Parameters: wrt : array_like Array that represents the solution. Will be operated upon in place. f and fprime should accept this array as a first argument. f : callable The objective function. fprime : callable Callable that given a solution vector as first parameter and *args and **kwargs drawn from the iterations args returns a search direction, such as a gradient. initial_inv_hessian : array_like The initial estimate of the approximiate Hessian. line_search : LineSearch object. Line search object to perform line searches with. args : iterable Iterator over arguments which fprime will be called with.
class climin.bfgs.Lbfgs(wrt, f, fprime, initial_hessian_diag=1, n_factors=10, line_search=None, args=None)

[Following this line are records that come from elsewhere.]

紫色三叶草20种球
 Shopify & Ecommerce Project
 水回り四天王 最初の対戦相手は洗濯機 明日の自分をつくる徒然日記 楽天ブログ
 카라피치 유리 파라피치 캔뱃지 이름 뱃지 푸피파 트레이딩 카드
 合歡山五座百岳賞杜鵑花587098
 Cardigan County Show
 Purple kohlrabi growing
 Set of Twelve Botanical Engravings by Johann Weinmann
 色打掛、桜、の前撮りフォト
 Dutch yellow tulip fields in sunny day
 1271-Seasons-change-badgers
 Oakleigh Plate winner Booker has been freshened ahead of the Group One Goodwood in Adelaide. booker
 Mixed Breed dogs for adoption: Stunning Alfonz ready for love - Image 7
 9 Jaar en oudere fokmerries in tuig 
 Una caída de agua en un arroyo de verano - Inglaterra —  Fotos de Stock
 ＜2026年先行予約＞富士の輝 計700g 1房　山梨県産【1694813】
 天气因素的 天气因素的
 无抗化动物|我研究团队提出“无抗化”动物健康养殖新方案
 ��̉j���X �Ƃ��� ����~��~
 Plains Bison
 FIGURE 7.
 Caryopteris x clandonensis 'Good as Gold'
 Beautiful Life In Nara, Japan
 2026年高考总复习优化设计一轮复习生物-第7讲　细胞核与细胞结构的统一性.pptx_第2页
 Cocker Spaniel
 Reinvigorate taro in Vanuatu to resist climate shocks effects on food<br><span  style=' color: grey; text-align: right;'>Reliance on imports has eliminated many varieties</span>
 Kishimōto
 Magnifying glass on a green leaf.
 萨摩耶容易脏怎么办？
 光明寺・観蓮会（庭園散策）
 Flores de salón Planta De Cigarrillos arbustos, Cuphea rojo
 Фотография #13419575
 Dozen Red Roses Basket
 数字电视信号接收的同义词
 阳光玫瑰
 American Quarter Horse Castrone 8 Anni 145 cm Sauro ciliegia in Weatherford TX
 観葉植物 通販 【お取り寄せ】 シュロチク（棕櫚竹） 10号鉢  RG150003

l-BFGS (limited-memory BFGS) is a limited memory variation of the well-known BFGS algorithm. The storage requirement for BFGS scale quadratically with the number of variables, and thus it tends to be used only for smaller problems. Limited-memory BFGS reduces the storage by only using the $$l$$ latest updates (factors) in computing the approximate Hessian inverse and representing this approximation only implicitly. More specifically, it stores the last $$l$$ BFGS update vectors $$y_t$$ and $$s_t$$ and uses these to implicitly perform the matrix operations of BFGS (see [nocedal2006a]).

Note

In order to handle simple box constraints, consider scipy.optimize.fmin_l_bfgs_b.

Attributes

 wrt (array_like) Current solution to the problem. Can be given as a first argument to .f and .fprime. f (Callable) The object function. fprime (Callable) First derivative of the objective function. Returns an array of the same shape as .wrt. initial_hessian_diag (array_like) The initial estimate of the diagonal of the Hessian. n_factors (int) The number of factors that should be used to implicitly represent the inverse Hessian. line_search (LineSearch object.) Line search object to perform line searches with. args (iterable) Iterator over arguments which fprime will be called with.

Methods

__init__(wrt, f, fprime, initial_hessian_diag=1, n_factors=10, line_search=None, args=None)

Create an Lbfgs object.

Attributes

 wrt (array_like) Current solution to the problem. Can be given as a first argument to .f and .fprime. f (Callable) The object function. fprime (Callable) First derivative of the objective function. Returns an array of the same shape as .wrt. initial_hessian_diag (array_like) The initial estimate of the diagonal of the Hessian. n_factors (int) The number of factors that should be used to implicitly represent the inverse Hessian. line_search (LineSearch object.) Line search object to perform line searches with. args (iterable) Iterator over arguments which fprime will be called with.